**What the exercise asks**
The expected output is every record below, transcribed exactly, with the pictures left out.

**Pictures with short captions**

# # # # # # #

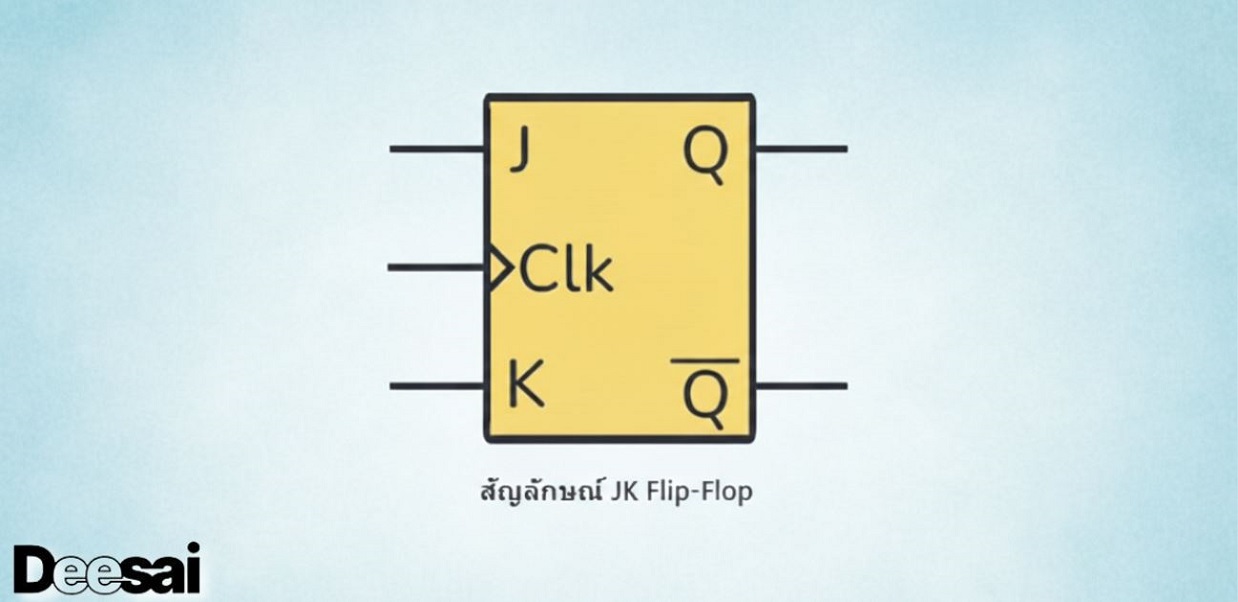JK Flip-Flop (บทช่วยสอนเริ่มต้นอย่างรวดเร็ว)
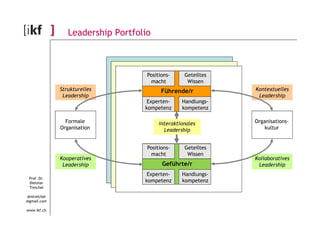 Leadership Portfolio 
Strukturelles 
Leadership 
Kontextuelles 
Leadership 
Positions-macht 
Geteiltes 
Wissen 
Führende/r 
Experten-kompetenz 
Handlungs-kompetenz 
Prof. Dr. 
Dietmar 
Treichel 
dmtreichel 
@gmail.com 
www.ikf.ch 
Kooperatives 
Leadership 
Kollaboratives 
Leadership 
Interaktionales 
Leadership 
Positions-macht 
Geteiltes 
Wissen 
Geführte/r 
Experten-kompetenz 
Handlungs-kompetenz 
Formale 
Organisation 
Organisations-kultur 
 
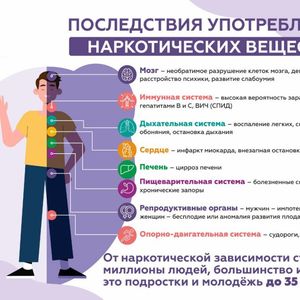 Неделя профилактики употребления наркотических средств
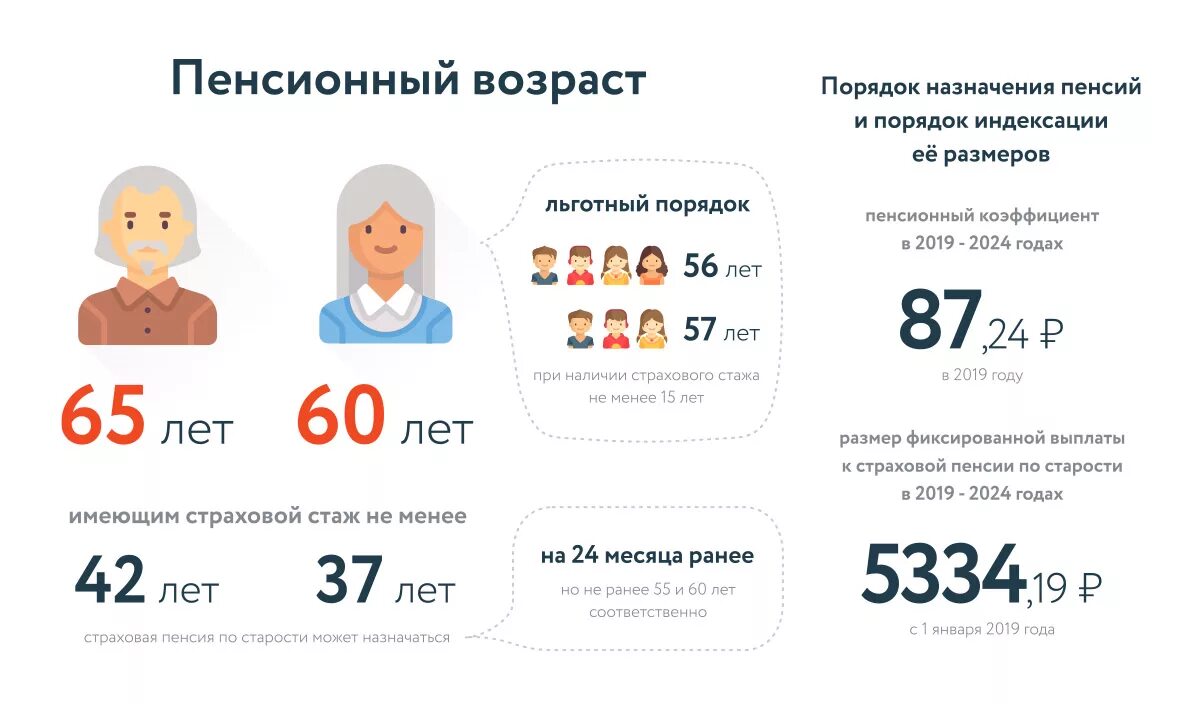 Пенсия по возрасту. Пенсия по старости. Возраст назначения пенсии. Страховая пенсия по старости в 2021. Назначение пенсии по возрасту.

# # # # # # #

**Response to the exercise**
JK Flip-Flop (บทช่วยสอนเริ่มต้นอย่างรวดเร็ว)
 Leadership Portfolio 
Strukturelles 
Leadership 
Kontextuelles 
Leadership 
Positions-macht 
Geteiltes 
Wissen 
Führende/r 
Experten-kompetenz 
Handlungs-kompetenz 
Prof. Dr. 
Dietmar 
Treichel 
dmtreichel 
@gmail.com 
www.ikf.ch 
Kooperatives 
Leadership 
Kollaboratives 
Leadership 
Interaktionales 
Leadership 
Positions-macht 
Geteiltes 
Wissen 
Geführte/r 
Experten-kompetenz 
Handlungs-kompetenz 
Formale 
Organisation 
Organisations-kultur 
 
 Неделя профилактики употребления наркотических средств
 Пенсия по возрасту. Пенсия по старости. Возраст назначения пенсии. Страховая пенсия по старости в 2021. Назначение пенсии по возрасту.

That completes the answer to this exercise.